_Problem_
Only the lines from the one with "Wood-finish flooring with" through the end of the data below belong in the answer, restated word for word, pictures excluded.
------ Dataset ------
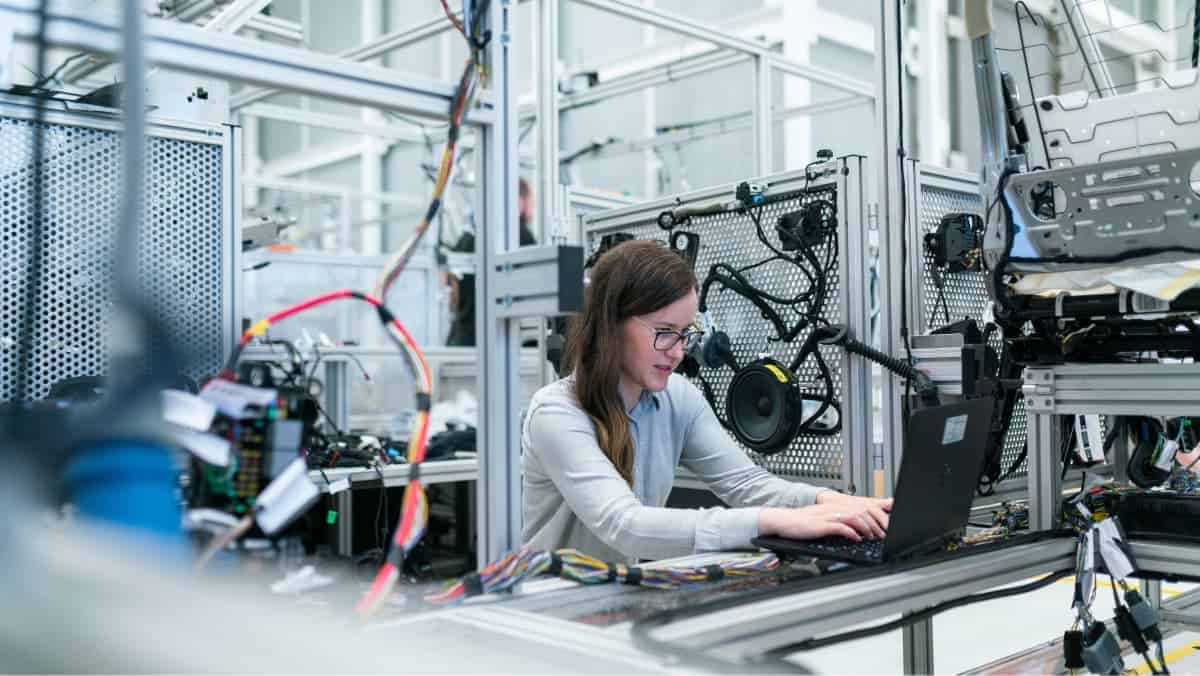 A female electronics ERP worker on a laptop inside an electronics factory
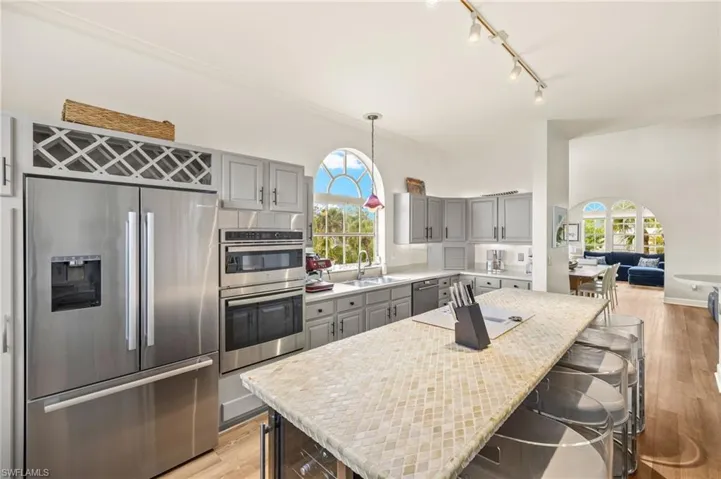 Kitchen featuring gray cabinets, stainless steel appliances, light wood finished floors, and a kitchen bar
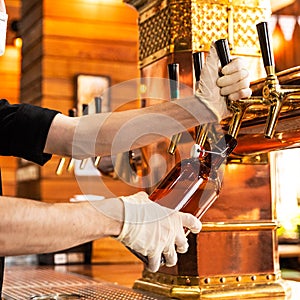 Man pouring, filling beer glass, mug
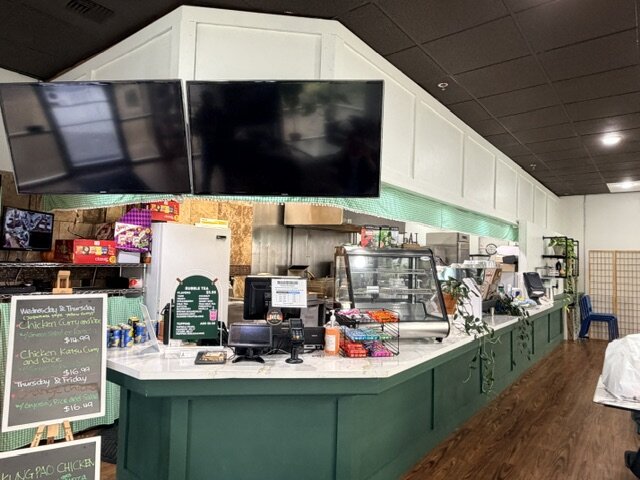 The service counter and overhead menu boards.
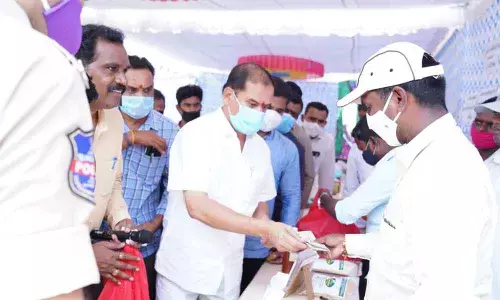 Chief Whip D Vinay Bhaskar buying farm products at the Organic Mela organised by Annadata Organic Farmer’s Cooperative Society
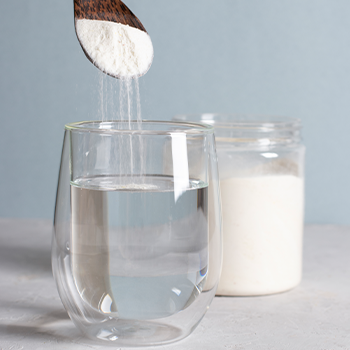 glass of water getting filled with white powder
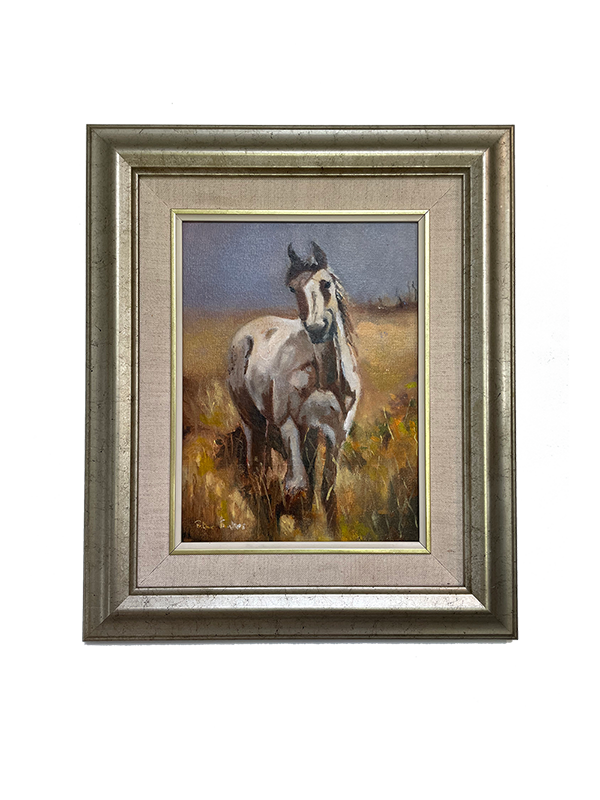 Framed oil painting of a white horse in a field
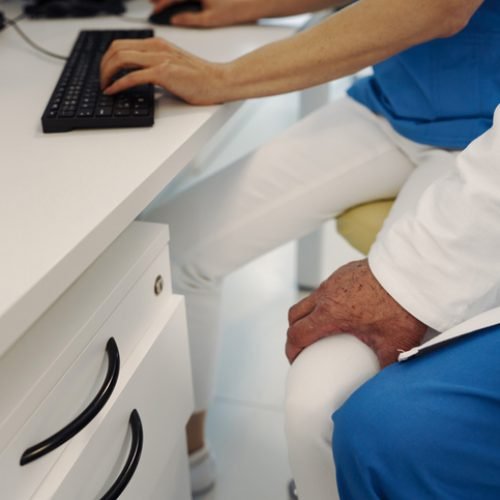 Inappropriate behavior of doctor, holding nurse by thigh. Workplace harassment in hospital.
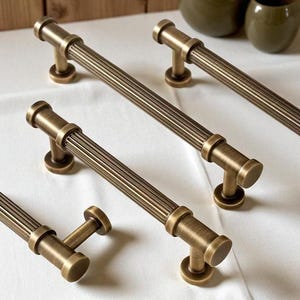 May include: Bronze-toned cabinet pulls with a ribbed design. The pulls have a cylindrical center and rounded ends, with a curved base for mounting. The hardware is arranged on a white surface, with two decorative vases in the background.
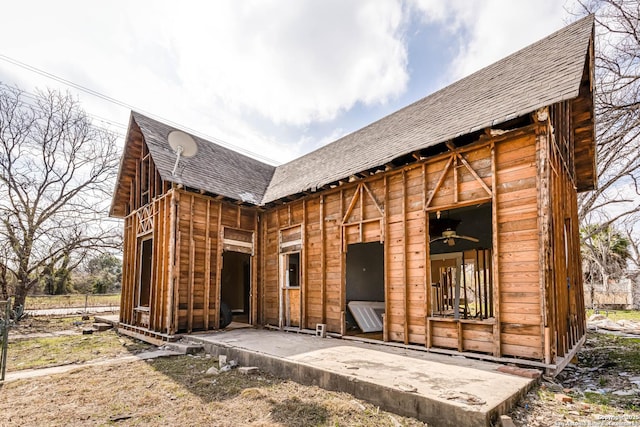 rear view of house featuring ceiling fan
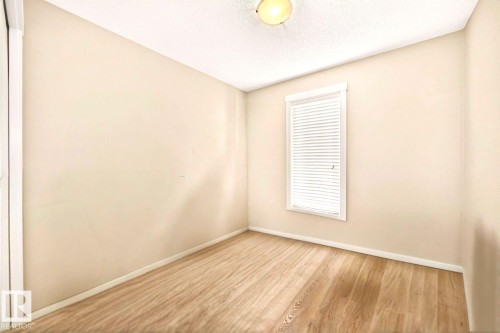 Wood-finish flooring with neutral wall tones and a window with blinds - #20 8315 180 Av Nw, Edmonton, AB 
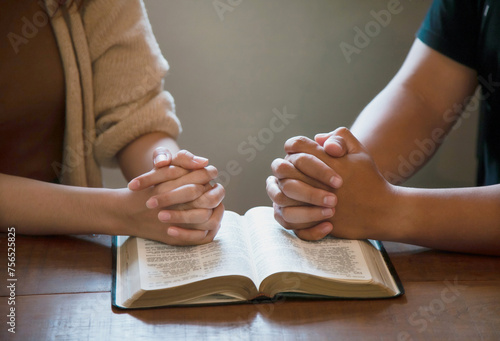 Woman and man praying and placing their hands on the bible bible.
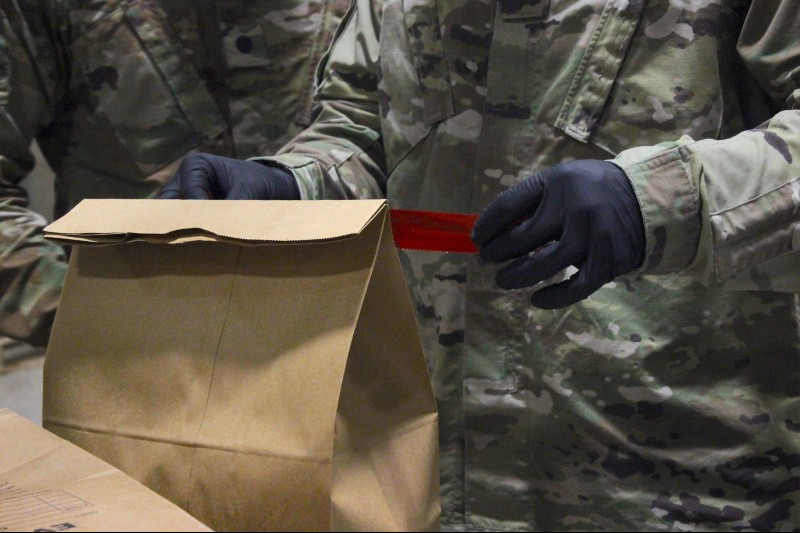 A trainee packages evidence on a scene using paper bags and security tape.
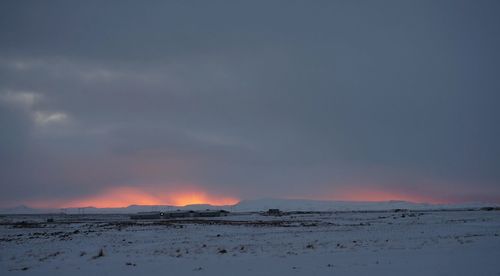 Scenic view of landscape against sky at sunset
------
_Task result_
 Wood-finish flooring with neutral wall tones and a window with blinds - #20 8315 180 Av Nw, Edmonton, AB 
 Woman and man praying and placing their hands on the bible bible.
 A trainee packages evidence on a scene using paper bags and security tape.
 Scenic view of landscape against sky at sunset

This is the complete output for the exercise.